Dans les grandes lignes, GS part du postulat qu’il est « difficile d’obtenir une définition claire et concise de cette forme de jeu qu’est le jeu de rôle (p. 16) » parce qu’il « ne ressemble à aucun autre jeu » et même « bouleverse les schémas traditionnels de fonctionnement d’un jeu ». En guise d’exemple, il évoque une dualité entre joueur et meneur de jeu, qui suivent de surcroît un objectif à la fois individuel et collectif. Bizarreries selon lui aux yeux du commun des mortels de son époque. Mais seraient-elles devenues banalités aujourd’hui ? Il me semble que l’auteur, embarrassé devant la relative complexité des éléments à traiter et sans doute emporté par la passion, ne voulait surtout pas « réduire » celle-ci à une simple définition. C’est qu’on n’enferme que très difficilement le rôliste dans une case !
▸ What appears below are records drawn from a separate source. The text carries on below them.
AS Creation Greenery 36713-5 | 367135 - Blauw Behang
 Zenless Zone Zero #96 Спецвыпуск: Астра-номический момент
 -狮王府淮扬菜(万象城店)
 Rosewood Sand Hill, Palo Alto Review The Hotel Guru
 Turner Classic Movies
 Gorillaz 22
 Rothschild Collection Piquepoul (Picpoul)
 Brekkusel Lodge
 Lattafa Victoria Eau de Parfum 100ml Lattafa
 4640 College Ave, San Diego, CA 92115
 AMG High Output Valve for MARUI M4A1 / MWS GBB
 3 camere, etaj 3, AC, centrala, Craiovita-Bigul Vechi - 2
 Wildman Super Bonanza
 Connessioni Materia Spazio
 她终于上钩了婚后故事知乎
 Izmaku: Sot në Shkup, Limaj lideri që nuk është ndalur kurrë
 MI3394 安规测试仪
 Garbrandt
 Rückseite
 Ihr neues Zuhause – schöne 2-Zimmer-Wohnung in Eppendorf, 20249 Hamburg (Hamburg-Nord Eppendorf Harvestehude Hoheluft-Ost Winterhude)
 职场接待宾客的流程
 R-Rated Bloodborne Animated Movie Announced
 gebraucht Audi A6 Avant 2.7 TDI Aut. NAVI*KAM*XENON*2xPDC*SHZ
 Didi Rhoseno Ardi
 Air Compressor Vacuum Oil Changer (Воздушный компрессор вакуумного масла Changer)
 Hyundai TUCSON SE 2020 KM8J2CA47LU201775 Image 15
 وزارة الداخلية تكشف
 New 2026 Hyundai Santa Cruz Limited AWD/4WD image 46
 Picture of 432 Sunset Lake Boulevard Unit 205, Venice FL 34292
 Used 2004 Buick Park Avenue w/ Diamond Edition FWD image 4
Aussi pour le décrire se sent-il obligé de comparer avec le théâtre, comme si la dimension ludique du jdr ne pouvait pas inclure son aspect théâtral et qu’il fallait nécessairement le comparer à autre chose pour lui faire prendre forme dans l’imaginaire du néophyte. Paradoxalement, GS donne des pistes de définition sensées : c’est « un jeu de dialogue (p. 17) » et « le résultat d’une interaction constante entre le libre arbitre des joueurs, le hasard et la règle du jeu (p. 22) ». Cela dit, l’auteur présente plutôt bien son sujet, en tenant compte d’aspects techniques méconnus. Il reconnaît par exemple le MJ comme « un vrai animateur (p. 24) », capable de gérer un groupe d’individus.

En guise de conclusions, cet ouvrage pionnier peut encore constituer une base théorique sérieuse si l’on n’a rien d’autre sous la main, mais il permet surtout aujourd’hui de recontextualiser le jdr tel qu’on le concevait dans les années 80, notamment du point de vue de ses détracteurs. Mais si l’on souhaite connaître ce sujet sur le bout des doigts, les informations nécessitent une mise à jour sur bien des points. On appréciera la plume synthétique, allant droit à l’essentiel tout en tenant compte des détails. On notera aussi sa volonté de dédiaboliser le jdr en référence aux « levées de boucliers (p. 61) » du BADD (Bothered against Dungeons & Dragons), association américaine se disant « inquiétée par Donjons & Dragons ». Car il le fait posément, sans se lamenter ni tirer en longueur.

Lors du prochain Laboratoire de Ludologie, nous verrons comment cette tentative de définition va prendre forme au fil des années, et si le jeu de rôle est ou pas définissable > Dossier Définir le JdR article n°2 : 1997 : criminologie du jeu de rôle (Jean-Hugues Matelly).

Les mots-clefs de Gildas Sagot : Alchimie – Aventure – Fabulation – Langage – Dialogue – Table – Groupe – Division – Interaction – Règle – Hasard.

Bibliographie : SAGOT, Gildas. Jeux de rôle : tout savoir sur les jeux de rôle et les livres dont vous êtes le héros. Paris : Gallimard, 1986, 161 p.

Webgraphie : La Bibliothèque des Aventuriers.